Once in power, the agenda became clear: reward loyalty, suppress dissent and manipulate institutions. Muscat’s government immediately took actions that raised eyebrows, and rightly so. Early on, he claimed a €7,000 yearly allowance for using his personal car for official duties, a scheme meant for senior civil servants. This small but telling act signalled that perks came first, integrity came second. A far cry indeed from his crying wolf over the salary increase to Gonzi’s ministers!

The sleaze would escalate quickly, from pennies to pounds to more. Take the Café Premier scandal, for example. The government, with Muscat’s personal involvement, paid €4.2 million of public funds to buy back a property from a business with outstanding debts. The deal included a €210,000 ‘brokerage fee’ for the owners, despite their failure to pay rent. The National Audit Office later condemned the process as opaque, poorly governed and unjustified.

Yet, no one was ever held accountable and the whole issue was swept under the carpets of Castille. Then there was the Gaffarena affair: a series of land deals so blatantly corrupt that they stunned even the most jaded observers. In mere weeks, a politically connected businessman acquired strategic property, sold it back to the government for more than 10 times the price and walked away with land and cash worth millions. This too happened on Muscat’s watch and with the blessing of his appointees.

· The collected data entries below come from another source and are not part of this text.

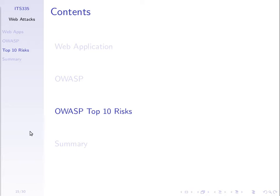Recall that OWASP is an organization — just a group of people who have come together to try and promote the improvement of security of web applications. One thing they do is list what they consider the top 10 risks in terms of web applications.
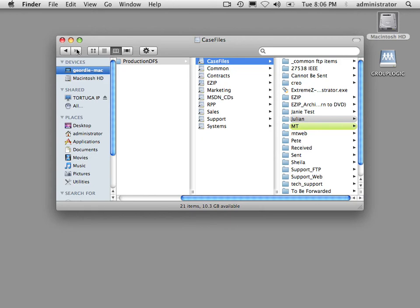No matter what method you choose, you get all the features of DFS: the ability to replace a DFS target with a target on a completely different server, site costing, all those things are built into our solution here.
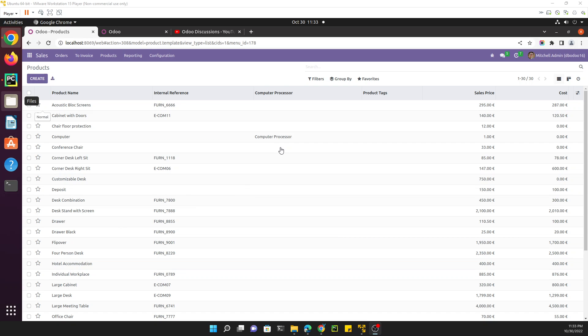Assalamu alaikum friends, my name is Muhammad Yunus and I am an Odoo technical developer. In the previous video we discussed how to add a field in the tree view and also in the form view. In this video we are going to talk about how to add a quick search for this tree view.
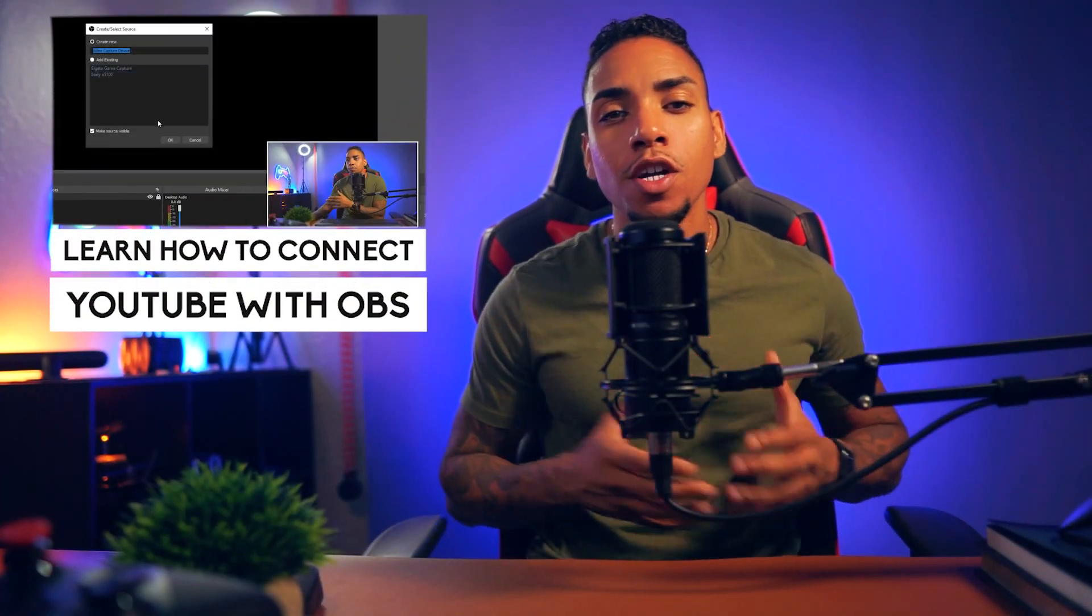Today, I'm going to take you step-by-step on how to connect YouTube to OBS Studio so you can go live. Let's dive into my money-making machine so you can start streaming to YouTube.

Once in power, the agenda became clear: reward loyalty, suppress dissent and manipulate institutions- Eddie Aquilina

These were not isolated incidents. They were early indicators of a government designed not for service but for extraction. Even as these scandals mounted, Muscat’s propaganda machine kept spinning the tale of reform. Slick messaging and tightly controlled public appearances reinforced the illusion that his administration was progressive and clean. The slogan Malta Tagħna Lkoll was repeated, masking a reality in which access to power and opportunity was increasingly limited to the well-connected. Any criticism was labelled as negative and the exposure of corruption was branded as extremist.

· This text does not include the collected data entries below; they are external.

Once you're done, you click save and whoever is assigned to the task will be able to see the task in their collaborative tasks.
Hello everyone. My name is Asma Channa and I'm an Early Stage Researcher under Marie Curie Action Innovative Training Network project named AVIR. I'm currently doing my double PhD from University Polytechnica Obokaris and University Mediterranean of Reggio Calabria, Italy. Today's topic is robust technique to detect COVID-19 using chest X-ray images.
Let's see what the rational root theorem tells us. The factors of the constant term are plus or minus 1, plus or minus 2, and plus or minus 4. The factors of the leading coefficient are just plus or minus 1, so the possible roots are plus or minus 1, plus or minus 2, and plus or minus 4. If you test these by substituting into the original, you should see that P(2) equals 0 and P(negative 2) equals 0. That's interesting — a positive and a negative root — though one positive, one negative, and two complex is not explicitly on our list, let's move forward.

Meanwhile, Muscat courted Malta’s liberal and progressive communities, posing as a liberal reformer. Yet, this, too, was part of the deception. Those few who remembered his anti-EU rhetoric from the early 2000s linking EU membership to abortion and immigration watched in stunned silence as he recast himself as a liberal icon. His past was not just forgotten; it had been erased, like the Made in Brussels tapes, history was sanitised in Orwellian fashion. His machine operated on the 1984 notion that “Who controls the past controls the future: who controls the present controls the past”. It had managed to destroy the very idea of an objective truth, leaving only what it declared as being real at any given moment.

By the time the Panama Papers hit in 2016, exposing the secret offshore dealings of his closest allies, it was clear that the rot ran deep.

Konrad Mizzi, Muscat’s right-hand man, and Keith Schembri, his chief of staff, were revealed to have opened companies in Panama just after the 2013 election.

These revelations didn’t break the machine, at least not immediately. Muscat circled the wagons, defended his allies and painted critics as enemies. But the damage had been done.

The roadmap that brought him to power was not paved with ideals but with favours and secrets.

The most tragic element in all of this was that Maltese voters were not just misled; they were duped into thinking they saw a new dawn.

In reality, they were watching the birth of a system designed to entrench power, protect the corrupt and feed off public trust. The myth was echoed in the song sung at Labour gatherings – Sebaħ jum, telgħet xemx, Joseph tagħna bħalu m’hemmx. A cult, albeit not anymore with the numbers that had elected him, was born. 

This was no accident. It had been the plan all along.